A test is flaky if it sometimes passes and sometimes fails on the same DUT under the same conditions. Real flakes hide one of three things: a marginal limit, a measurement that depends on uncontrolled environment, or a race in setup. This recipe walks the operator UI and the parquet store to identify which.

Prerequisites #

  • A few weeks of accumulated runs in the project's data dir (the retest signal needs repeated DUT serials across sessions to mean anything).
  • litmus serve running on the bench.

1. Find the suspects in the Metrics → Retest tab #

Open /metrics, click the Retest tab. The chart shows the percentage of unique DUTs that needed more than one attempt to clear the same step, bucketed by period. The table below shows Period / Serials / Retested / Rate / Avg retries.

High retest rates flag flaky tests OR marginal hardware. To narrow to "is it the test", filter the same Metrics view by product or station with the filter bar above the tabs and see whether the spike follows the test, the station, or the product.

2. Pin the test that's flaking #

The Retest tab is aggregate; for the specific test, open /results. The list doesn't text-filter by DUT serial, so sort by Started descending and scan the DUT column for one of the affected serials. A flaky test shows up as a serial that has both passed and failed rows in its history without an obvious code change between them.

Click into a failing run. The Results detail step tree shows one row per (step_path, vector_index) regardless of retry count; to see the individual attempts, jump to the parquet query in the next step. Confirm the failing step's measurements table: a borderline value just outside the limit is a marginal limit; a wild value is environment or hardware.

3. Make the retry behaviour explicit #

If the test is genuinely intermittent and you can't fix the root cause yet, set an explicit retry policy with the @pytest.mark.litmus_retry marker:

@pytest.mark.litmus_retry(max_retries=2, delay=0.5, on=["AssertionError"])
def test_output_voltage(context, verify):
    ...

This translates to pytest-rerunfailures under the hood. Every retry produces parquet rows with the same vector_index and an incremented vector_retry — the operator UI's step tree counts those and shows them as retries.

4. Confirm with a parquet query #

To see every attempt for one (run, step, serial) combination across the project, query the parquet store directly:

duckdb -c "
SELECT run_id, dut_serial, step_path, vector_index, vector_retry,
       measurement_outcome, measurement_value
FROM read_parquet('<data_dir>/runs/**/*.parquet')
WHERE step_path = 'test_output_voltage'
  AND dut_serial = 'DPB001-0001'
  AND record_type = 'measurement'
ORDER BY run_started_at DESC, vector_retry ASC
"

A row where vector_retry increments past 0 is a retried attempt. A row where the final retry's measurement_outcome is passed but earlier retries were failed is a real intermittent — the unit is right, the test just had to try again. A row where every retry of the same step on the same serial fails the same way is not a flake at all; it's a deterministic failure.

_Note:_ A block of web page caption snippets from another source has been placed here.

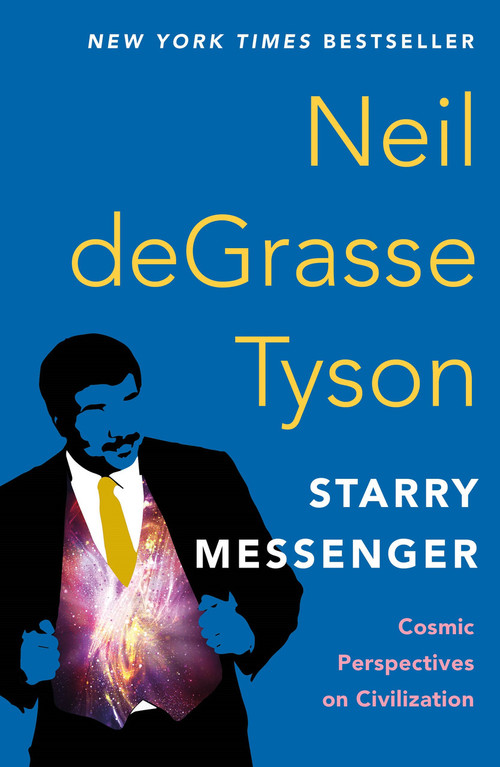 Starry Messenger (Cosmic Perspectives on Civilization) - 9781250861511 by Neil deGrasse Tyson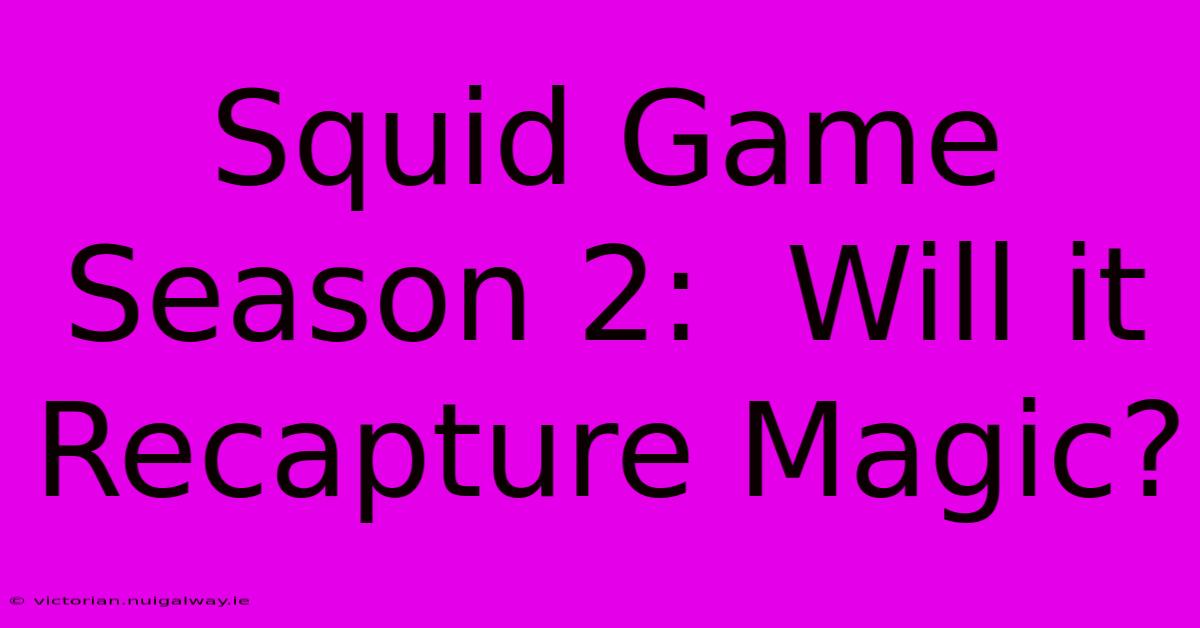 Squid Game Season 2:  Will It Recapture Magic?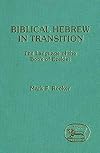 Biblical Hebrew in Transition: Language of the Book of Ezekiel (Journal for the study of the Old Testament)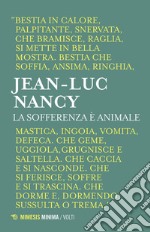 La sofferenza è animale. E-book. Formato EPUB ebook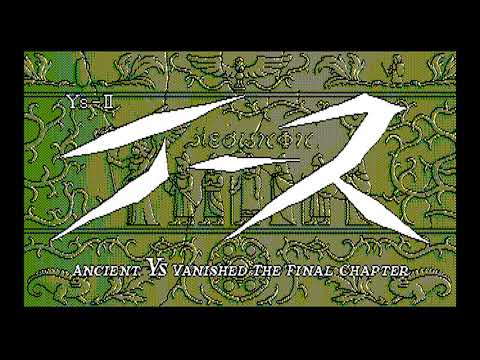 Ys II - Ancient Ys Vanished The Final Chapter (Sharp_X1_Turbo) - full ost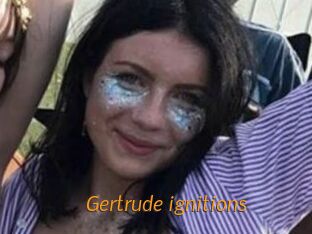 Gertrude_ignitions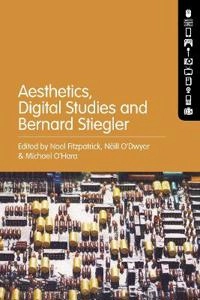 Aesthetics, Digital Studies and Bernard Stiegler [Elektronisk resurs]; Noel Fitzpatrick, Né O'Dwyer, Michael O'Hara; 2021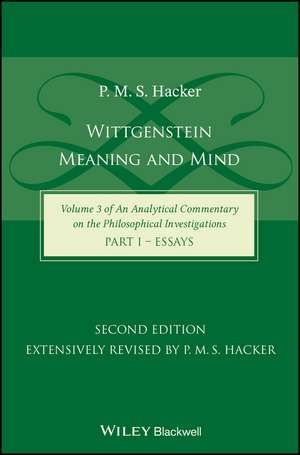 Wittgenstein – Meaning and Mind (Volume 3 of an Analytical Commentary on the Philosophical Investigations), Part 1 – Essays, Second Edition de P. M. S. Hacker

Resolve <data_dir> from ProjectConfig or check the Three Stores page for the default locations.

5. Cross-check the environment with channels #

If the measurement is wild but the DUT is fine, the cause is usually environmental. Open /channels, find the session ID from the failing run's detail page, and look at any power-rail, temperature, or supply-current channel logged during that session. A 50 mV brown-out on the supply rail during the failing window is a smoking gun.